How We Send Mass Personalised Emails using AWS Serverless Technologies?

How We Send Mass Personalised Emails using AWS Serverless Technologies?

Here's how we solved some of the challenges of sending hundreds of thousands of personalized emails every week using AWS serverless technologies.

As a Hashnode user, you will most likely already have received an email from us. I am sure you can imagine that we are sending quite a lot of emails every week – and most of them are personalized and you are the only one receiving exactly that email. But how do we do that and what challenges did we have to overcome doing all of that using serverless technologies on AWS? That is what this post will be about.

I won't be writing all the code for the solutions here. I will focus on concepts and architecture in this post. You should get an idea of the thought process rather than the exact implementation.

Context

Before we'll get to the challenges and their respective solutions, we need to know the context because some parts of the infrastructure are given and can't just be easily replaced. Therefore the context defines the boundary for the possible solutions.

We use AWS for our backend services and we try to be "as serverless as possible" (yes, it is a spectrum, not just serverless vs. not-serverless). For our data storage, we use MongoDB Atlas. We send emails via SparkPost. We are also using SES – we plan on consolidating that in the future. Though the used email service is not that important here because the challenges apply similarly for all services.

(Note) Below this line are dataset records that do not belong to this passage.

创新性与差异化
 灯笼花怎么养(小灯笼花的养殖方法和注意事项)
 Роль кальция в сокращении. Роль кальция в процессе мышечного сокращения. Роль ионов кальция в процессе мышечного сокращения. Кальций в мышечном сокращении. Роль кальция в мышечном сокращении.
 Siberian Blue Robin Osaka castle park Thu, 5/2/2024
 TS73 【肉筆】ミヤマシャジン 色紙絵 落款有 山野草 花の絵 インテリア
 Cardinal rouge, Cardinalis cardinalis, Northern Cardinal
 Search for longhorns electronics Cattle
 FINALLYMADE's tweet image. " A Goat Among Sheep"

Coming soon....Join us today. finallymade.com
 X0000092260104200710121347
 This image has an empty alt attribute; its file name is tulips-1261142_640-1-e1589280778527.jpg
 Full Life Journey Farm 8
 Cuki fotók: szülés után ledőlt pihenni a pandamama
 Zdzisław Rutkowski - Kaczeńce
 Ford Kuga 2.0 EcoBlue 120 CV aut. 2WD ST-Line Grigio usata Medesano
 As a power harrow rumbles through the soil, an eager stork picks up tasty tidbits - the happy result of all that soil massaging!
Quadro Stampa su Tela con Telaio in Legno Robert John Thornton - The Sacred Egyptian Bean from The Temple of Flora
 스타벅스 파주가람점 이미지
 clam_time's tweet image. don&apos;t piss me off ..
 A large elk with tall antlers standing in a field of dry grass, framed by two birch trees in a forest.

You can read more about how we are leveraging serverless AWS technologies in How We Build Serverless Audio Blogs with AWS on a Scale and How We Leverage Serverless for Backing up Your Posts.

Example Email

Let us talk about a more concrete example in order to be able to better understand the challenges and possible solutions we will be talking about next.

New Followers Weekly

We send out a personalized email informing you about new followers within the last week – at least if you have not deactivated that email notification (you can manage your email settings).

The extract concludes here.